# What you have to do
All of the records must be repeated exactly as they read.

===== Material shown =====

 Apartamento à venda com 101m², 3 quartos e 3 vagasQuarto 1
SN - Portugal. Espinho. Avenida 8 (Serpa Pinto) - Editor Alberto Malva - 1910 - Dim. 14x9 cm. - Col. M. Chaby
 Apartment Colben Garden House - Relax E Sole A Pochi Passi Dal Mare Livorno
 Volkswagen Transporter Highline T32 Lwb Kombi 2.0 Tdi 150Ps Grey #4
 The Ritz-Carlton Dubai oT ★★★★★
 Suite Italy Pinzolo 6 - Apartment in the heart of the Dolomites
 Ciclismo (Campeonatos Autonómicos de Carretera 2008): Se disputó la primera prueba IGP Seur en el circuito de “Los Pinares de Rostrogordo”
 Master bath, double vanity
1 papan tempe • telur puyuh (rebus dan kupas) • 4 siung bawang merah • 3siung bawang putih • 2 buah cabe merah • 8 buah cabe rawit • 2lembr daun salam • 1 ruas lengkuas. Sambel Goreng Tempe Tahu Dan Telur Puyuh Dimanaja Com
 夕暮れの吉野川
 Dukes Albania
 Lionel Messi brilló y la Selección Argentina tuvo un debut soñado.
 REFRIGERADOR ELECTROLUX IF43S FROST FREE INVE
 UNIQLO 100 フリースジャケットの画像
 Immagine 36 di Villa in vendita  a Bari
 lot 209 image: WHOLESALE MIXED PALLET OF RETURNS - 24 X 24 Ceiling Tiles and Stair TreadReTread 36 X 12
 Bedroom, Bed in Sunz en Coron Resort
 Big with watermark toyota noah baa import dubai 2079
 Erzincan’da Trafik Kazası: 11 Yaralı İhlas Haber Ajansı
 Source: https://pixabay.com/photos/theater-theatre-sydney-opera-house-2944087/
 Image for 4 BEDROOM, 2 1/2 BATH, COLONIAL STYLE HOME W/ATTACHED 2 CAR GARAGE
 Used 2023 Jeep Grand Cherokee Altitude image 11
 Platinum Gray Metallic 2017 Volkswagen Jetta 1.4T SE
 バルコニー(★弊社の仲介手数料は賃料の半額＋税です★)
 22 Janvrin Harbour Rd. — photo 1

=====

# Task answer
 Apartamento à venda com 101m², 3 quartos e 3 vagasQuarto 1
SN - Portugal. Espinho. Avenida 8 (Serpa Pinto) - Editor Alberto Malva - 1910 - Dim. 14x9 cm. - Col. M. Chaby
 Apartment Colben Garden House - Relax E Sole A Pochi Passi Dal Mare Livorno
 Volkswagen Transporter Highline T32 Lwb Kombi 2.0 Tdi 150Ps Grey #4
 The Ritz-Carlton Dubai oT ★★★★★
 Suite Italy Pinzolo 6 - Apartment in the heart of the Dolomites
 Ciclismo (Campeonatos Autonómicos de Carretera 2008): Se disputó la primera prueba IGP Seur en el circuito de “Los Pinares de Rostrogordo”
 Master bath, double vanity
1 papan tempe • telur puyuh (rebus dan kupas) • 4 siung bawang merah • 3siung bawang putih • 2 buah cabe merah • 8 buah cabe rawit • 2lembr daun salam • 1 ruas lengkuas. Sambel Goreng Tempe Tahu Dan Telur Puyuh Dimanaja Com
 夕暮れの吉野川
 Dukes Albania
 Lionel Messi brilló y la Selección Argentina tuvo un debut soñado.
 REFRIGERADOR ELECTROLUX IF43S FROST FREE INVE
 UNIQLO 100 フリースジャケットの画像
 Immagine 36 di Villa in vendita  a Bari
 lot 209 image: WHOLESALE MIXED PALLET OF RETURNS - 24 X 24 Ceiling Tiles and Stair TreadReTread 36 X 12
 Bedroom, Bed in Sunz en Coron Resort
 Big with watermark toyota noah baa import dubai 2079
 Erzincan’da Trafik Kazası: 11 Yaralı İhlas Haber Ajansı
 Source: https://pixabay.com/photos/theater-theatre-sydney-opera-house-2944087/
 Image for 4 BEDROOM, 2 1/2 BATH, COLONIAL STYLE HOME W/ATTACHED 2 CAR GARAGE
 Used 2023 Jeep Grand Cherokee Altitude image 11
 Platinum Gray Metallic 2017 Volkswagen Jetta 1.4T SE
 バルコニー(★弊社の仲介手数料は賃料の半額＋税です★)
 22 Janvrin Harbour Rd. — photo 1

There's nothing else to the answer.